> TASK PROMPT
Without including any pictures, write out all the entries exactly.

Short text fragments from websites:
● ● ● ●

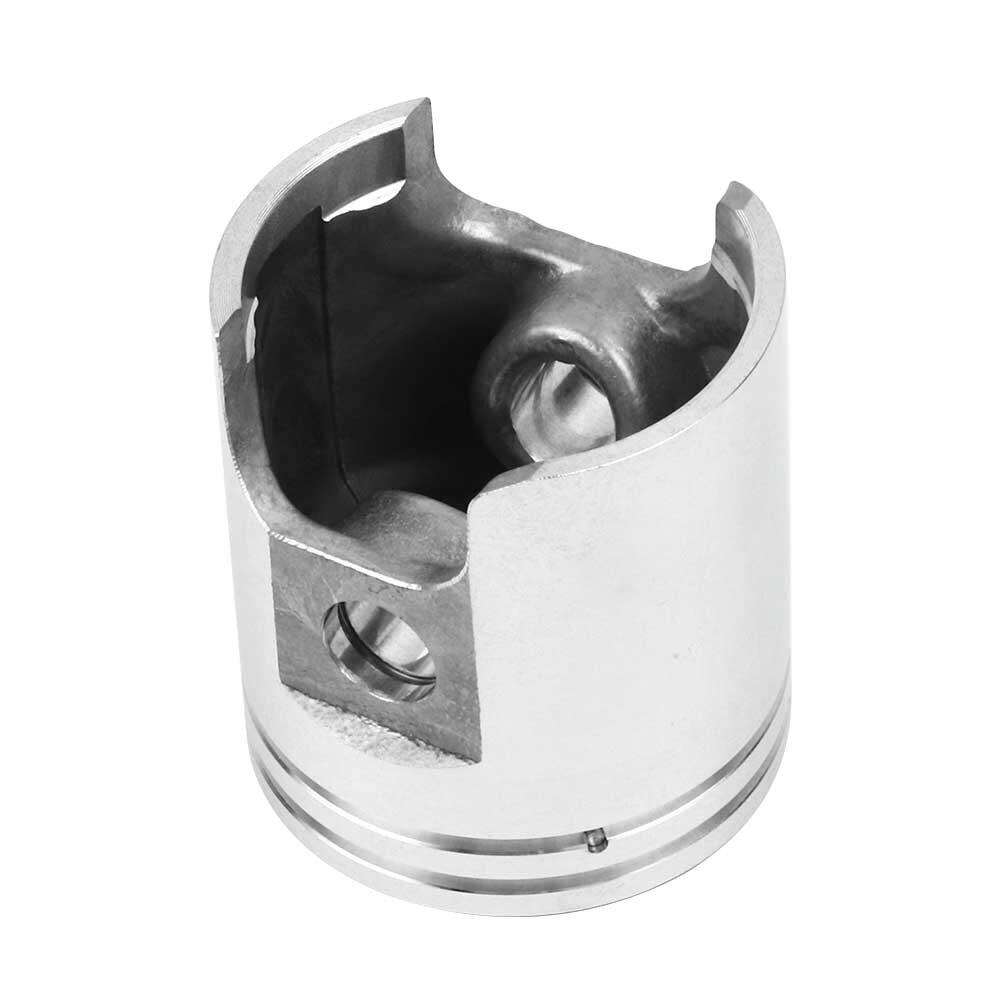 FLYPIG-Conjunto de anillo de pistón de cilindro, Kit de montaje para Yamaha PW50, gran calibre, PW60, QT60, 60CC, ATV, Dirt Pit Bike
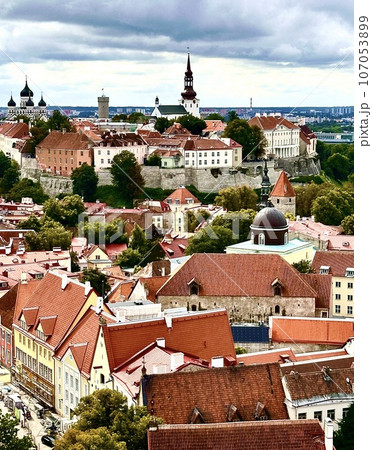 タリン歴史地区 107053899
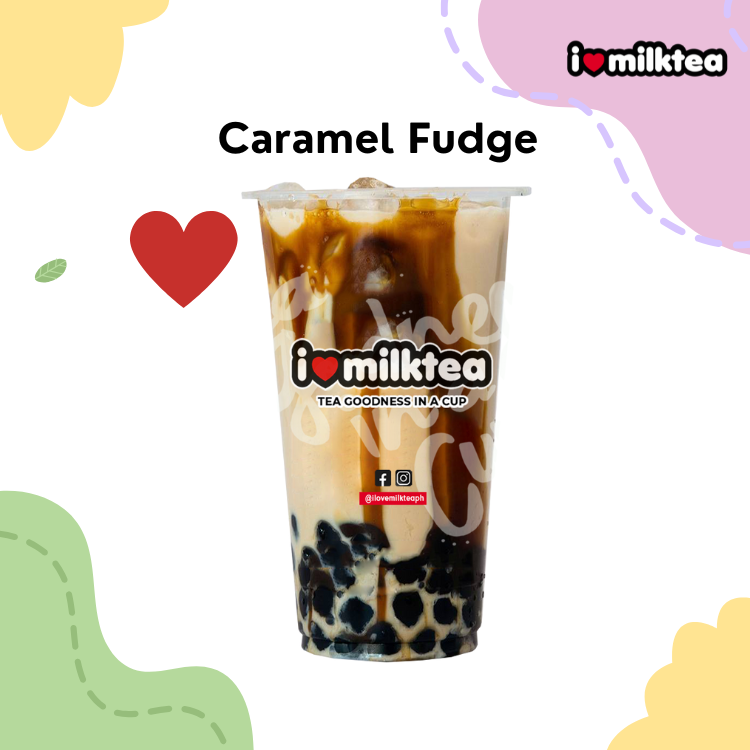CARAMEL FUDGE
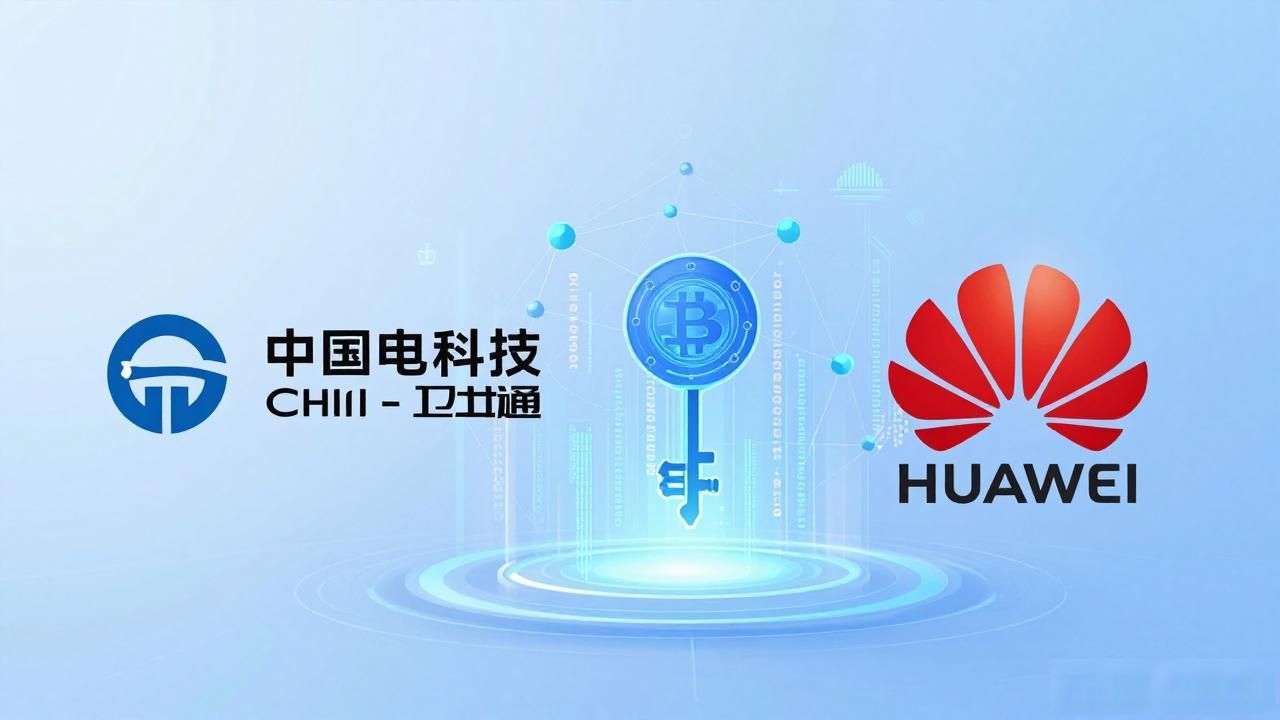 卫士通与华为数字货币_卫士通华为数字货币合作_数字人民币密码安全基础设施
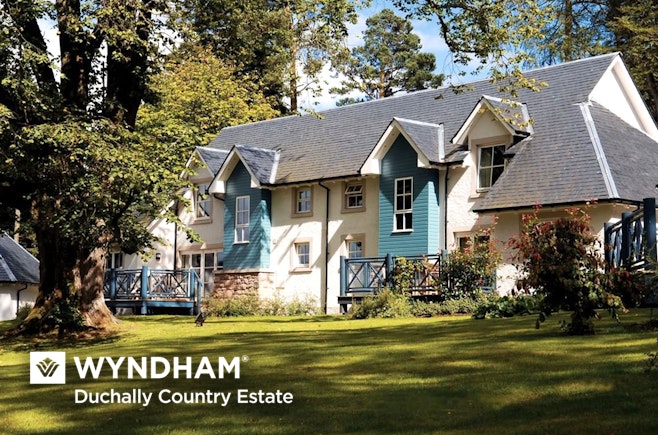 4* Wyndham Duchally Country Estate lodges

● ● ● ●

> RESPONSE FOR THIS EXERCISE
 FLYPIG-Conjunto de anillo de pistón de cilindro, Kit de montaje para Yamaha PW50, gran calibre, PW60, QT60, 60CC, ATV, Dirt Pit Bike
 タリン歴史地区 107053899
CARAMEL FUDGE
 卫士通与华为数字货币_卫士通华为数字货币合作_数字人民币密码安全基础设施
 4* Wyndham Duchally Country Estate lodges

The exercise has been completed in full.